» Data to process
----

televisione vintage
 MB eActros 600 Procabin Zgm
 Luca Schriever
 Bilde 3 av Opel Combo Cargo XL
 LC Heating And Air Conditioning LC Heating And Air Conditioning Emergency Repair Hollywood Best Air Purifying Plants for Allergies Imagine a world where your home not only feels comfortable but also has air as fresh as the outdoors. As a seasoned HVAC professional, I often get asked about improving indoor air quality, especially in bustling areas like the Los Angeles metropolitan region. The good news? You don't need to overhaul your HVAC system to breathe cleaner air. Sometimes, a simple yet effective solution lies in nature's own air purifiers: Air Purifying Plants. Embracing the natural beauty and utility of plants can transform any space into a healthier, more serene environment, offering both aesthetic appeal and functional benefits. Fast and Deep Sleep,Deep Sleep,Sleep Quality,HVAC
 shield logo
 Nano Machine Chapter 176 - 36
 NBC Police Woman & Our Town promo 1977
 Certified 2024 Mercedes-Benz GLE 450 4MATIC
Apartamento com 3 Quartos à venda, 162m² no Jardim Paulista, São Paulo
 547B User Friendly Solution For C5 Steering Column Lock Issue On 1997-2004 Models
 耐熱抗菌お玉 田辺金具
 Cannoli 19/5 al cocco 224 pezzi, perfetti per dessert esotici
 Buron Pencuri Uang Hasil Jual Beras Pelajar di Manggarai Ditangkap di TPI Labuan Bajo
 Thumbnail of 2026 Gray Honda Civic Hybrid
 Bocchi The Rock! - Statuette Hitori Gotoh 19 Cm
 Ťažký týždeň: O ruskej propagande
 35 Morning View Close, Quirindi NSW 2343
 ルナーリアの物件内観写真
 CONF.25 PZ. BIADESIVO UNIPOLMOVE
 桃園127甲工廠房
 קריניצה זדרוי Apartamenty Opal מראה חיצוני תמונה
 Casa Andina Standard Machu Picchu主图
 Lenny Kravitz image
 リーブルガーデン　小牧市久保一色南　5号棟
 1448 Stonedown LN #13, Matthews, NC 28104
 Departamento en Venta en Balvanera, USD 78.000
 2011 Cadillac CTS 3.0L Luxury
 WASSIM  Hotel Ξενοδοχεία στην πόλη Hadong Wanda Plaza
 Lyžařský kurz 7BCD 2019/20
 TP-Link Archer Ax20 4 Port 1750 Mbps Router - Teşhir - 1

----

» Exercise directions
Retype the records above so that nothing differs from the original.

» Answer to this problem
televisione vintage
 MB eActros 600 Procabin Zgm
 Luca Schriever
 Bilde 3 av Opel Combo Cargo XL
 LC Heating And Air Conditioning LC Heating And Air Conditioning Emergency Repair Hollywood Best Air Purifying Plants for Allergies Imagine a world where your home not only feels comfortable but also has air as fresh as the outdoors. As a seasoned HVAC professional, I often get asked about improving indoor air quality, especially in bustling areas like the Los Angeles metropolitan region. The good news? You don't need to overhaul your HVAC system to breathe cleaner air. Sometimes, a simple yet effective solution lies in nature's own air purifiers: Air Purifying Plants. Embracing the natural beauty and utility of plants can transform any space into a healthier, more serene environment, offering both aesthetic appeal and functional benefits. Fast and Deep Sleep,Deep Sleep,Sleep Quality,HVAC
 shield logo
 Nano Machine Chapter 176 - 36
 NBC Police Woman & Our Town promo 1977
 Certified 2024 Mercedes-Benz GLE 450 4MATIC
Apartamento com 3 Quartos à venda, 162m² no Jardim Paulista, São Paulo
 547B User Friendly Solution For C5 Steering Column Lock Issue On 1997-2004 Models
 耐熱抗菌お玉 田辺金具
 Cannoli 19/5 al cocco 224 pezzi, perfetti per dessert esotici
 Buron Pencuri Uang Hasil Jual Beras Pelajar di Manggarai Ditangkap di TPI Labuan Bajo
 Thumbnail of 2026 Gray Honda Civic Hybrid
 Bocchi The Rock! - Statuette Hitori Gotoh 19 Cm
 Ťažký týždeň: O ruskej propagande
 35 Morning View Close, Quirindi NSW 2343
 ルナーリアの物件内観写真
 CONF.25 PZ. BIADESIVO UNIPOLMOVE
 桃園127甲工廠房
 קריניצה זדרוי Apartamenty Opal מראה חיצוני תמונה
 Casa Andina Standard Machu Picchu主图
 Lenny Kravitz image
 リーブルガーデン　小牧市久保一色南　5号棟
 1448 Stonedown LN #13, Matthews, NC 28104
 Departamento en Venta en Balvanera, USD 78.000
 2011 Cadillac CTS 3.0L Luxury
 WASSIM  Hotel Ξενοδοχεία στην πόλη Hadong Wanda Plaza
 Lyžařský kurz 7BCD 2019/20
 TP-Link Archer Ax20 4 Port 1750 Mbps Router - Teşhir - 1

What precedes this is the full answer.